Introduction

What is The New Yorker? I know it’s a great magazine and that it’s a tremendous source of pleasure in my life. But what exactly is it? This blog’s premise is that The New Yorker is a work of art, as worthy of comment and analysis as, say, Keats’s “Ode on a Grecian Urn.” Each week I review one or more aspects of the magazine’s latest issue. I suppose it’s possible to describe and analyze an entire issue, but I prefer to keep my reviews brief, and so I usually focus on just one or two pieces, to explore in each the signature style of its author. A piece by Nick Paumgarten is not like a piece by Jill Lepore, and neither is like a piece by Ian Frazier. One could not mistake Collins for Seabrook, or Bilger for Galchen, or Mogelson for Kolbert. Each has found a style, and it is that style that I respond to as I read, and want to understand and describe.

Wednesday, February 18, 2026

Taking a Break

Portugal, 2024 (Photo by Lorna MacDougall)

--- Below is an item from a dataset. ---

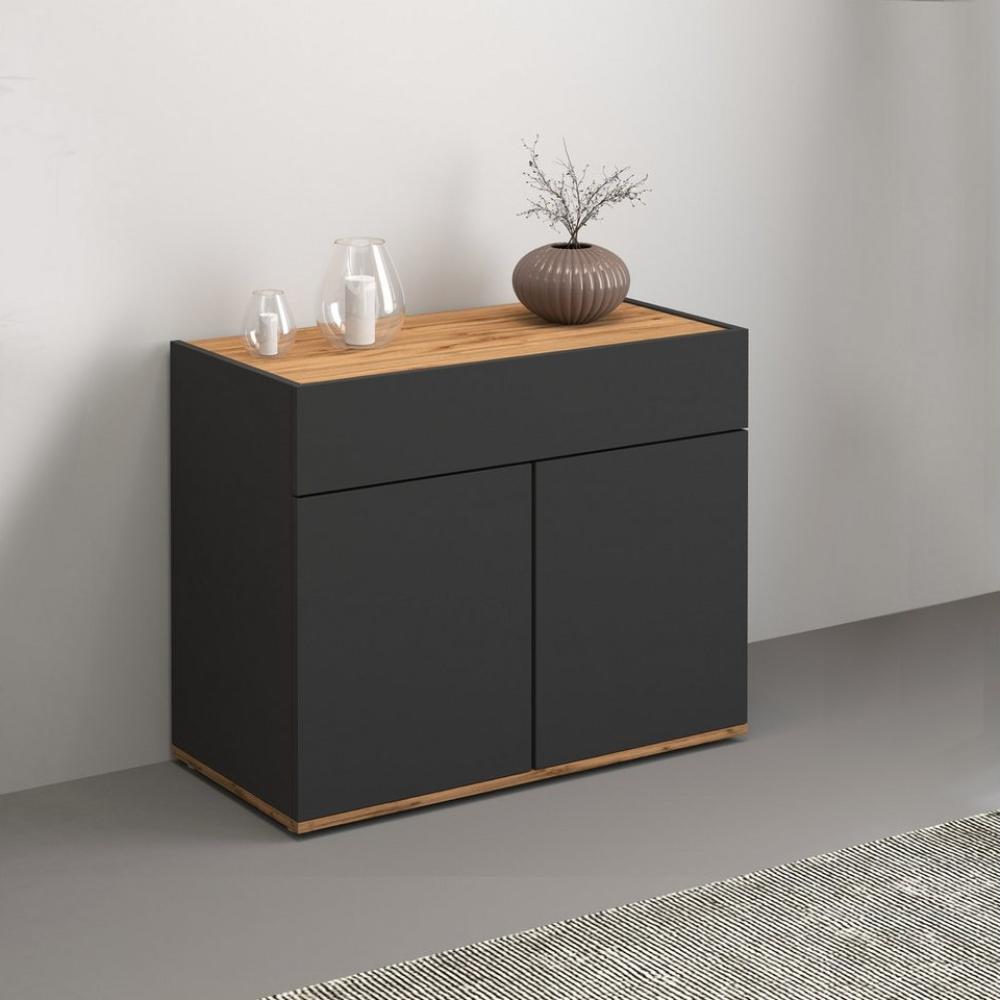 INOSIGN Sideboard Garda, Kommode, Schrank, Kredenz, 2 Türen, 1 Schublade,grifflos Breite 80,9 cm Bild 1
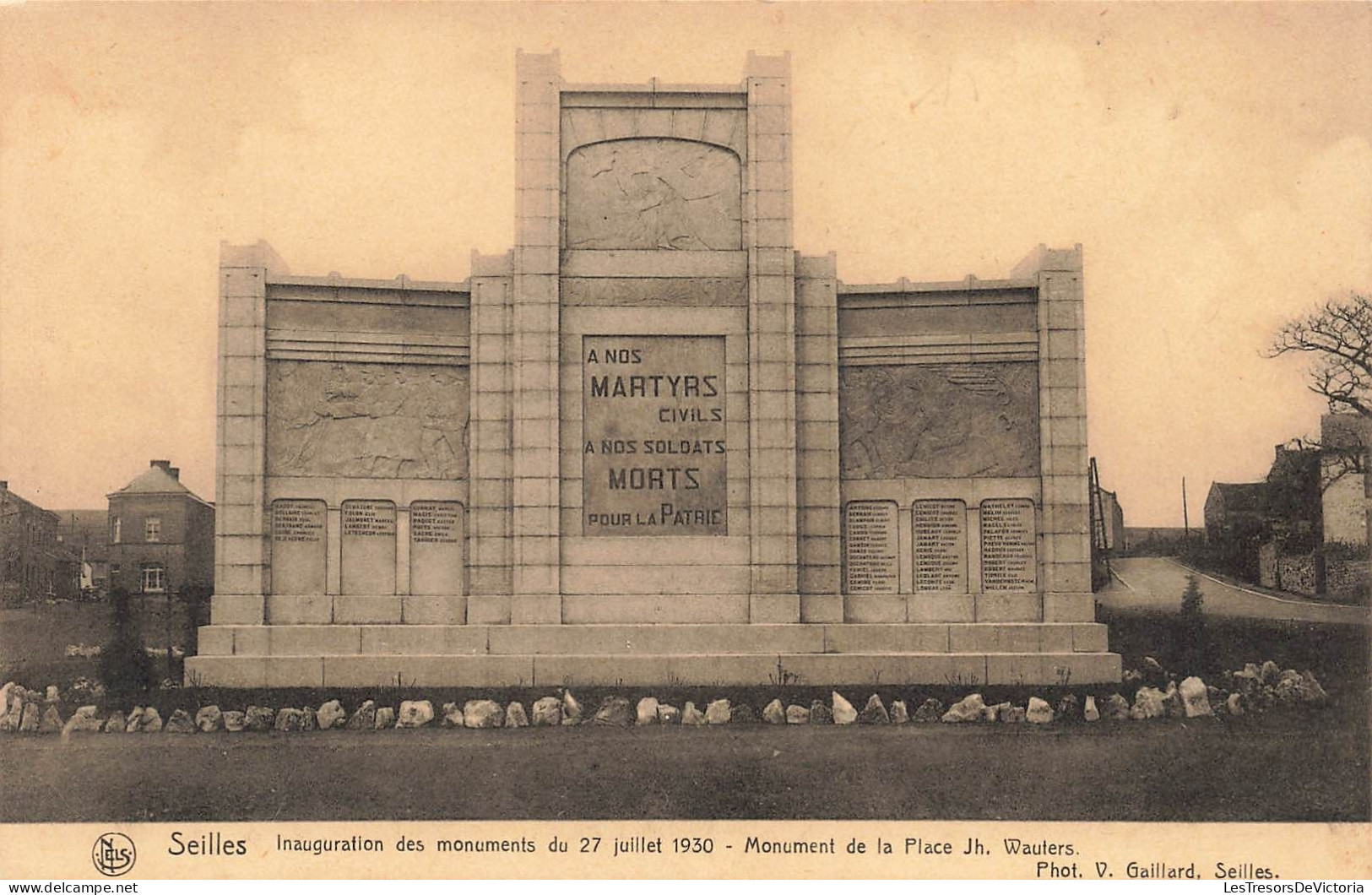 BELGIQUE - Andennes - Seilles - Inauguration Des Monuments Du 27 Juillet 1930 - Place De Wauter - Carte Postale Ancienne - Andenne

Tomorrow Lorna and I head back to our old haunt Tavira, on the south coast of Portugal, to do some cycling. We’ll be gone three weeks. I’ll take the February 16 & 23 New Yorker with me, and post my review when I return. It appears to be a particularly rich issue. I'm especially interested in the piece by Rebecca Mead on the landscape artist Andy Goldsworthy. The New Yorker & Me will resume on or about March 14.